VD: Do you do homebirths?
KK: In my practice, I do not do homebirths, nor water births, but many midwives do. I deliver babies at the Vail Valley Medical Center, and we do have a Jacuzzi tub to ease the labor process. Another possible misconception is that midwifery means natural child birth. Although I take a more natural approach, pain assistance, including epidural, is an option and is always up to the mother to decide.
VD: Is midwifery for everyone?
KK: Midwifery is a great option for low-risk pregnancies, but certain complications require additional testing and monitoring that is more suited for an M.D. Midwives are trained to recognize when additional medical support is needed and often consult with an M.D. in deciding if the pregnancy is too high risk.
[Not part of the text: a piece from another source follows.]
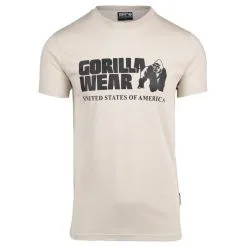 Camiseta Musculación Manga Corta Hombre GORILLA WEAR Classic Beige -tienda de equipos de fitness camiseta musculacion manga corta hombre gorilla wear classic beige 4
I work very closely with Dr. Samuels (also of Vail Valley OBGYN) to make sure our patients and their babies are being taken care of in the best and safest way. Additionally, VVMC brings in Dr. Oliver Jones, a perinatologist who specialized in the highest of risk cases, twice a month from Denver.
VD: When you aren’t delivering babies, what are you doing?
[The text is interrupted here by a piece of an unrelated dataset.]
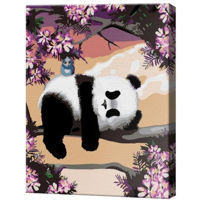 Картина по номерам Art Gallery EX7623 Panda pe copac inflorit 30x40cm Eco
KK: I deliver about 50 babies a year, but when I am not doing that, I have a comprehensive women’s health practice at Vail Valley OBGYN in Edwards. I do general women’s health and consult and care for women’s issues, such as osteoporosis, birth control, annual exams, infertility and menopause, including hormone-replacement therapy.
Kerrie Kuhl is the valley’s only certified nurse midwife and has more than 14 years of experience. She practices at Vail Valley OBYN, a nonprofit service of Vail Valley Medical Center.